Activity =>
From the line with "Modern kitchen with" through the line with "144 S 100 W, Tremonton, UT", inclusive, return each line of the data below exactly and leave the rest out.

(Data items)
........

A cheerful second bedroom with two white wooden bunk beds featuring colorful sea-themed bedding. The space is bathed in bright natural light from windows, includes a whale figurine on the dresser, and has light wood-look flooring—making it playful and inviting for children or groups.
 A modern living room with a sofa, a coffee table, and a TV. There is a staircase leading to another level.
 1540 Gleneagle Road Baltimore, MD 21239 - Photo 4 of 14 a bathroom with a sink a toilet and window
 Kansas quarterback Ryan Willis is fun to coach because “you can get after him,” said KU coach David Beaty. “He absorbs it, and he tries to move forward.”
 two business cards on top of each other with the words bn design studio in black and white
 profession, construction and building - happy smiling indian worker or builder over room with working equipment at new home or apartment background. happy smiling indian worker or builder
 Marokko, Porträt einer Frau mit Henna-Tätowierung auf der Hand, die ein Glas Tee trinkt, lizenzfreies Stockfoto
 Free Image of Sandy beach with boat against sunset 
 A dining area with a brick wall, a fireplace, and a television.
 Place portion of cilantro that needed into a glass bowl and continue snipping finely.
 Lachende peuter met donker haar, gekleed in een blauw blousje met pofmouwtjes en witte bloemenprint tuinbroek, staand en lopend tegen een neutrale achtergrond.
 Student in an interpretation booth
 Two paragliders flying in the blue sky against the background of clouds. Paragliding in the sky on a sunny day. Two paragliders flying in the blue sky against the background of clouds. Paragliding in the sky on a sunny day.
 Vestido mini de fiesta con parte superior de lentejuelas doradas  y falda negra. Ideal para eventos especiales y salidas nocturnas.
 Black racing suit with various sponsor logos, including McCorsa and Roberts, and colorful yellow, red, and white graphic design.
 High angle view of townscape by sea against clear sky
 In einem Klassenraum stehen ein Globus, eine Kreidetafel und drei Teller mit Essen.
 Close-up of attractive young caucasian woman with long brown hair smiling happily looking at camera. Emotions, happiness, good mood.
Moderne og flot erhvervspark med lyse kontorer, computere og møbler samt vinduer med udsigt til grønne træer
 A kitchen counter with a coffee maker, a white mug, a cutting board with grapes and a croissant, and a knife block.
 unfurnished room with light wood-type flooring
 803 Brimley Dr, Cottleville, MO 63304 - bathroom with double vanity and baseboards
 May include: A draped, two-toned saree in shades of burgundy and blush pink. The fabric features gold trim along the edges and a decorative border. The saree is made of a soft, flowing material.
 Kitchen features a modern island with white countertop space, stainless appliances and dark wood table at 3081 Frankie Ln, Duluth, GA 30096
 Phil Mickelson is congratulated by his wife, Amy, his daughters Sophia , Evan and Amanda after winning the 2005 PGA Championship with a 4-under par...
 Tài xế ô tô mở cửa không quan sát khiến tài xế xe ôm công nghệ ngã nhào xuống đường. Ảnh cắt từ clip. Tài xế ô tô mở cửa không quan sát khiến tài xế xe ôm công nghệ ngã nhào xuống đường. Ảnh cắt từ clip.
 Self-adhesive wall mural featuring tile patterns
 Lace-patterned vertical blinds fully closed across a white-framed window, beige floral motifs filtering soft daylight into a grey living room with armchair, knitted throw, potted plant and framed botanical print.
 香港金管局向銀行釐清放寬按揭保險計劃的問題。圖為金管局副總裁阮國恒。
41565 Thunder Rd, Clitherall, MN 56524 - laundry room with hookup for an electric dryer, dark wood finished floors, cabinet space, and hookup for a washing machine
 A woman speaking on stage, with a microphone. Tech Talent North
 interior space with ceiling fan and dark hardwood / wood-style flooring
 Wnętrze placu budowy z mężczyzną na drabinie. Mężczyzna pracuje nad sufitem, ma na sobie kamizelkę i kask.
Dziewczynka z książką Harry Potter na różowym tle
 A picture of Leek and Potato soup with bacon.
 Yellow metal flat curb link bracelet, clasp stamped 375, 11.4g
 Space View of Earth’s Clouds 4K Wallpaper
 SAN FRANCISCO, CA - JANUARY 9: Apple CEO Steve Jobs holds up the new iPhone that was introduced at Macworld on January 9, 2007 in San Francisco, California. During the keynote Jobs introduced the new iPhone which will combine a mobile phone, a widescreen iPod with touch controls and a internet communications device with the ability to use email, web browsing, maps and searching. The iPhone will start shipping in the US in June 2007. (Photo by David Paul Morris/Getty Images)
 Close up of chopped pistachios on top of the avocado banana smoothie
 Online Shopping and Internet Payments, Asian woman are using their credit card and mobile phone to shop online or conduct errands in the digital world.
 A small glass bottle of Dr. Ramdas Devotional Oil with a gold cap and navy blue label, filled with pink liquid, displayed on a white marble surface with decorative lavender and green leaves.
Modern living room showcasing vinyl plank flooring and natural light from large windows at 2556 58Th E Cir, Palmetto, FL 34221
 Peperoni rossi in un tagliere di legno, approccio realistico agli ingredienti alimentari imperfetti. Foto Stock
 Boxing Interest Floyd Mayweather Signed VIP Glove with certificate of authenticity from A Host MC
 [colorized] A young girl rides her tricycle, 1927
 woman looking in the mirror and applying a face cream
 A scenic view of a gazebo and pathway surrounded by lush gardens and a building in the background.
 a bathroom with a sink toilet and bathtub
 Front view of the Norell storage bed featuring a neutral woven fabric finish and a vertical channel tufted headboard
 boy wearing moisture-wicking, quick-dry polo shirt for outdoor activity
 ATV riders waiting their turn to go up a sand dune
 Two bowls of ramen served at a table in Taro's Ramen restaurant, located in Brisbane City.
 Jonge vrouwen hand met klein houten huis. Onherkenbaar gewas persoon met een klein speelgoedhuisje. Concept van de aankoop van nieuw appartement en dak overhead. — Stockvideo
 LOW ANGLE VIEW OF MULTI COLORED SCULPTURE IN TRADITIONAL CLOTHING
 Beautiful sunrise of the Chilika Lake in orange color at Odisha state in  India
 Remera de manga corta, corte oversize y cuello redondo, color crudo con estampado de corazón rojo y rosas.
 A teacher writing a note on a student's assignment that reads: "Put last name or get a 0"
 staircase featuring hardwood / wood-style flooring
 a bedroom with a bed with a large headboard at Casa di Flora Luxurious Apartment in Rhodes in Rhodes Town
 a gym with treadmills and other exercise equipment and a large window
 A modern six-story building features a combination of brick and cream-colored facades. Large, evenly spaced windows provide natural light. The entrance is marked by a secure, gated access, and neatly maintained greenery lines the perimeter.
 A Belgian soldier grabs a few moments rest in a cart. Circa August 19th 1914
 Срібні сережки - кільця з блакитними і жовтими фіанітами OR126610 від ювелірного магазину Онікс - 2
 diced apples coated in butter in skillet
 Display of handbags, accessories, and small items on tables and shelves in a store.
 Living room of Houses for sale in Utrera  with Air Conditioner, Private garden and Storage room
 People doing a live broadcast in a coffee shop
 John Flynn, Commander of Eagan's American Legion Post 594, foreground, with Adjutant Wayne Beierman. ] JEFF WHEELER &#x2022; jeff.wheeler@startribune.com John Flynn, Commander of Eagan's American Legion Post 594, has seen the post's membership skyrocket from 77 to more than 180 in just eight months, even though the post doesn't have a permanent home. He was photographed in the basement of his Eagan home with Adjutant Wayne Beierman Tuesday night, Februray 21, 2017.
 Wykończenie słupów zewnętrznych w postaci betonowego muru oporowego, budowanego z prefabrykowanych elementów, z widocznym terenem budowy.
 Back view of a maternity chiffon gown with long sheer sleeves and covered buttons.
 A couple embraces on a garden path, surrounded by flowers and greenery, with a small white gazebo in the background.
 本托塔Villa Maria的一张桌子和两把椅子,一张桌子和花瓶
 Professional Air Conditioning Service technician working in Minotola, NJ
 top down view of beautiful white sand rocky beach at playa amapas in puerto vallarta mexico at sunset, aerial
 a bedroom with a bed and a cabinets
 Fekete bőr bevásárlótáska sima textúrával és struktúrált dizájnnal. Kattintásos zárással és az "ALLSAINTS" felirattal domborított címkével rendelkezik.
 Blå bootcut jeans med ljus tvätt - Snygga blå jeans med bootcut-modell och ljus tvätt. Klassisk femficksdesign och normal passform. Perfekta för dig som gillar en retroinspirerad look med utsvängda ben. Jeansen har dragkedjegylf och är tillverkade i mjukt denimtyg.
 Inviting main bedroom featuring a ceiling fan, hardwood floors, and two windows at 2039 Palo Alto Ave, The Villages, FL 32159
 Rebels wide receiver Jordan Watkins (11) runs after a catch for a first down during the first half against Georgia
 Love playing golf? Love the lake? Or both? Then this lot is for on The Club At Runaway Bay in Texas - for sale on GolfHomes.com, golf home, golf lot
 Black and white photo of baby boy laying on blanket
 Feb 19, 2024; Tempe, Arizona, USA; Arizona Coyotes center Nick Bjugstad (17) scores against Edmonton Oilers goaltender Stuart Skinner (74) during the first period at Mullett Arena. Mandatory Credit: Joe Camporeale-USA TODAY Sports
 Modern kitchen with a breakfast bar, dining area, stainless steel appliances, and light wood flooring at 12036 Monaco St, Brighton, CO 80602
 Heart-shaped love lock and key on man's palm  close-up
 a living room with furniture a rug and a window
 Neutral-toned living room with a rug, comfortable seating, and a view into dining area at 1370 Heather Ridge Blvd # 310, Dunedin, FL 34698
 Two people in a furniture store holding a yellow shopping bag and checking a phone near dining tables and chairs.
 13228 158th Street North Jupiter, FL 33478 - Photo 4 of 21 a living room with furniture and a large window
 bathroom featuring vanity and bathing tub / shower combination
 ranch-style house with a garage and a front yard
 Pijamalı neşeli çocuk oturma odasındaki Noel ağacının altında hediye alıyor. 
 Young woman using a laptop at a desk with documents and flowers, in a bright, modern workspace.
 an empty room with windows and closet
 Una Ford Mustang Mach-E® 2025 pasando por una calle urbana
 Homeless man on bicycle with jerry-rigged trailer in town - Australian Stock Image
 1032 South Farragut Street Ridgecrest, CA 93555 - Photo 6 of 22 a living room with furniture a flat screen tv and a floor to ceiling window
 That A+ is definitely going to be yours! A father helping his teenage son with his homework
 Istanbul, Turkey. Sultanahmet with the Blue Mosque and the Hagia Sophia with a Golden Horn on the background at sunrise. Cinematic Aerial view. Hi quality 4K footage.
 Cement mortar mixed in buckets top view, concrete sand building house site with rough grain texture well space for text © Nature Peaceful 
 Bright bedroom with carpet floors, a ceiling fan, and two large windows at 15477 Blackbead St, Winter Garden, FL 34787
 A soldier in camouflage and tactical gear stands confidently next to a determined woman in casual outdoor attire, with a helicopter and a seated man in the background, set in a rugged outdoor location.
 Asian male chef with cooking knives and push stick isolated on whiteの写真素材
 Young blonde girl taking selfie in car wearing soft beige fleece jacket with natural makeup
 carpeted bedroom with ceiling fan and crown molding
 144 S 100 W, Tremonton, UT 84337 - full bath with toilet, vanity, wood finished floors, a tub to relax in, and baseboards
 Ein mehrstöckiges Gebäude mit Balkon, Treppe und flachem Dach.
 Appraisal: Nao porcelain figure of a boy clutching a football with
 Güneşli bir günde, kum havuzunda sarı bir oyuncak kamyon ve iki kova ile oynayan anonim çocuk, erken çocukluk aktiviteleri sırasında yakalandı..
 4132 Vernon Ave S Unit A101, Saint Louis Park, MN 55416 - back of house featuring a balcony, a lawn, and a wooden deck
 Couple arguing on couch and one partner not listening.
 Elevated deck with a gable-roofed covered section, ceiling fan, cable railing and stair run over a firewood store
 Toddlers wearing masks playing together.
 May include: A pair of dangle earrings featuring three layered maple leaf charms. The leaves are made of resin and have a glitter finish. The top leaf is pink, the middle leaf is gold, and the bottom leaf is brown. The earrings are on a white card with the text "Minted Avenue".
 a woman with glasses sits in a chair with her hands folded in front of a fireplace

........

Output below =>
 Modern kitchen with a breakfast bar, dining area, stainless steel appliances, and light wood flooring at 12036 Monaco St, Brighton, CO 80602
 Heart-shaped love lock and key on man's palm  close-up
 a living room with furniture a rug and a window
 Neutral-toned living room with a rug, comfortable seating, and a view into dining area at 1370 Heather Ridge Blvd # 310, Dunedin, FL 34698
 Two people in a furniture store holding a yellow shopping bag and checking a phone near dining tables and chairs.
 13228 158th Street North Jupiter, FL 33478 - Photo 4 of 21 a living room with furniture and a large window
 bathroom featuring vanity and bathing tub / shower combination
 ranch-style house with a garage and a front yard
 Pijamalı neşeli çocuk oturma odasındaki Noel ağacının altında hediye alıyor. 
 Young woman using a laptop at a desk with documents and flowers, in a bright, modern workspace.
 an empty room with windows and closet
 Una Ford Mustang Mach-E® 2025 pasando por una calle urbana
 Homeless man on bicycle with jerry-rigged trailer in town - Australian Stock Image
 1032 South Farragut Street Ridgecrest, CA 93555 - Photo 6 of 22 a living room with furniture a flat screen tv and a floor to ceiling window
 That A+ is definitely going to be yours! A father helping his teenage son with his homework
 Istanbul, Turkey. Sultanahmet with the Blue Mosque and the Hagia Sophia with a Golden Horn on the background at sunrise. Cinematic Aerial view. Hi quality 4K footage.
 Cement mortar mixed in buckets top view, concrete sand building house site with rough grain texture well space for text © Nature Peaceful 
 Bright bedroom with carpet floors, a ceiling fan, and two large windows at 15477 Blackbead St, Winter Garden, FL 34787
 A soldier in camouflage and tactical gear stands confidently next to a determined woman in casual outdoor attire, with a helicopter and a seated man in the background, set in a rugged outdoor location.
 Asian male chef with cooking knives and push stick isolated on whiteの写真素材
 Young blonde girl taking selfie in car wearing soft beige fleece jacket with natural makeup
 carpeted bedroom with ceiling fan and crown molding
 144 S 100 W, Tremonton, UT 84337 - full bath with toilet, vanity, wood finished floors, a tub to relax in, and baseboards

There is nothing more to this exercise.